A measure space $(X,\mu)$ is separable if there is a countable family of measurable subsets $\{E_k \}_{k=1}^\infty $ so that if $E$ is any measurable set of finite measure , then $$\mu(E \triangle E_{n_k}) \to 0 \,\,\,\,\,\,\,as \,k\to0$$ for an appropriate subsequence $\{n_k \}$ which depends on $E$ .
Prove that if the measure space $X$ is separable, then $L_{p}$ is separable when $1 ≤ p < ∞$.
I try to prove it like this:
We have for every measurable set $E$ with finite measure associated measurable set $E_{nk}$ s.t. $\mu(E \triangle E_{n_k})<\epsilon$.
CLAIM: The collection$$ F:= \{\sum_{i=1}^Nr\chi_{E_{n_{i}}
}\}\,\,\,\,\,\,\, r\in Q $$ is countable dense in $L^p$.
Since simple functions are dense in $L^p$ given $f \in L^p$, Let $\epsilon >0$ and choose $\phi$ such that $\|\phi-f\|_{L^p} < \frac{\epsilon}{2}$. Now, let $$\phi = \sum_{i=1}^{N} c_i \chi_{E_i}$$ with $E_i$ pairwise disjoint meaurable with finite measure. Let $\psi \in F$ with $$\psi = \sum_{i=1}^{N} r_i \chi_{E_{n_i}}$$ be such that $\mu(E_n \triangle E_{n_i}) < {\epsilon^p}$ with the $E_{n_i}$ pairwise disjoint. Then,
\begin{eqnarray*}
\left( \int_\mathbb{X} |\phi-\psi|^p \, d\mu \right)^\frac{1}{p} &\leq& \left( \int_\mathbb{X} \left(\sum_{i=1}^{N}|c_i\chi_{E_i}-r_i\chi_{E_{n_i}}| \right)^p \, d\mu \right)^\frac{1}{p} \\
& \stackrel{Minkowski}{\leq}& \sum_{i=1}^{N} \left( \int_\mathbb{X} |c_i\chi_{E_i}-r_i\chi_{E_{n_i}}|^p \, d\mu \right)^\frac{1}{p} \\
\end{eqnarray*}
I got stuck..!! I try to connect the last above inequality with symmetric difference between $E_n$ and $E_{n_i}$ but I have difficulties in that because of existences of $r_i$ and $c_i$.

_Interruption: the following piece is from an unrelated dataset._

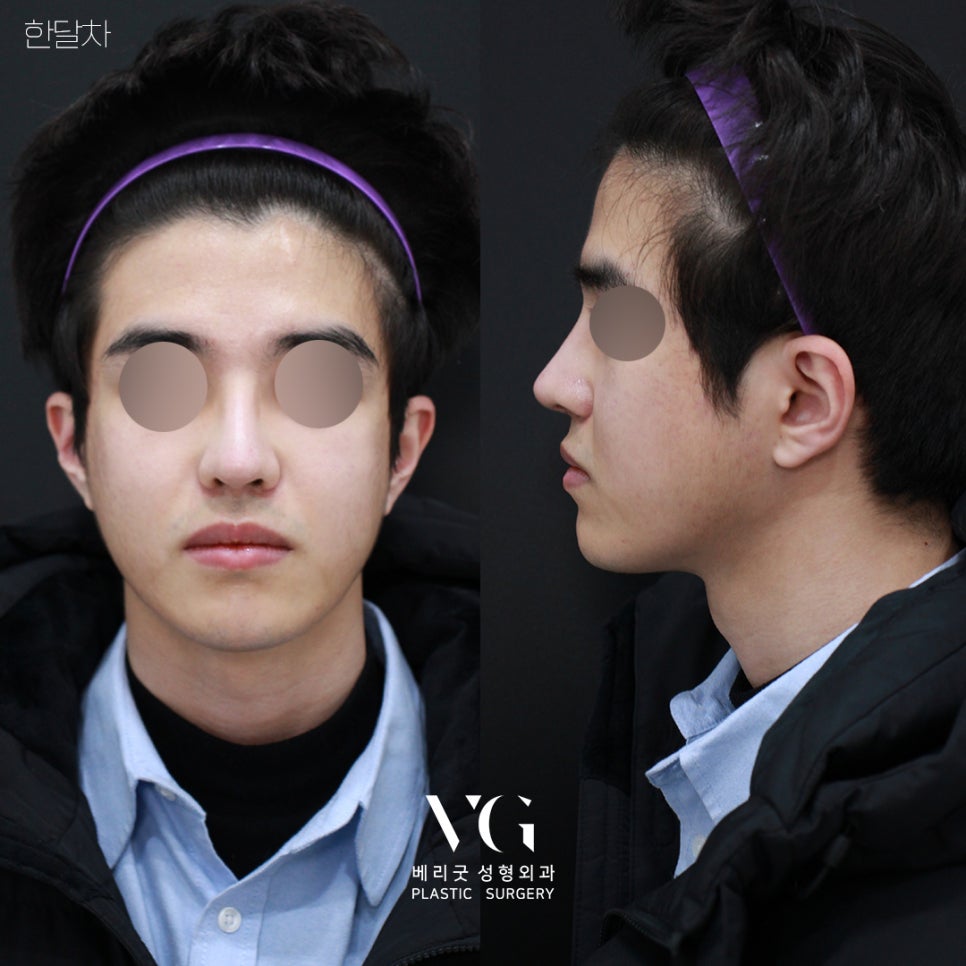 [ 베리굿성형외과 ] 안면윤곽 3종 Special한 REAL 전후비교 관련 이미지 3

I need help to complete the proof.
Thanks.
Best Answer
We claim that $\mathcal{A} := \{\sum_{i=1}^N r_i \chi_{E_{k_i}} : r_i \in \mathbb{Q}, k_1,\dots,k_N \ge 1\}$ is dense in $L^p$. Since simple functions are dense, it suffices to show simple functions are in the closure of $\mathcal{A}$. By linearity and the density of the rationals in the reals, it suffices to show that $\chi_E$ is in the closure of $\mathcal{A}$ for any measurable set $E$. So fix a measurable set $E$, and take $\epsilon > 0$. By assumption, there is some $E_k$ so that $\mu(E\Delta E_k) < \epsilon$. Then $||\chi_E - \chi_{E_k}||_p \le \epsilon^{1/p}$.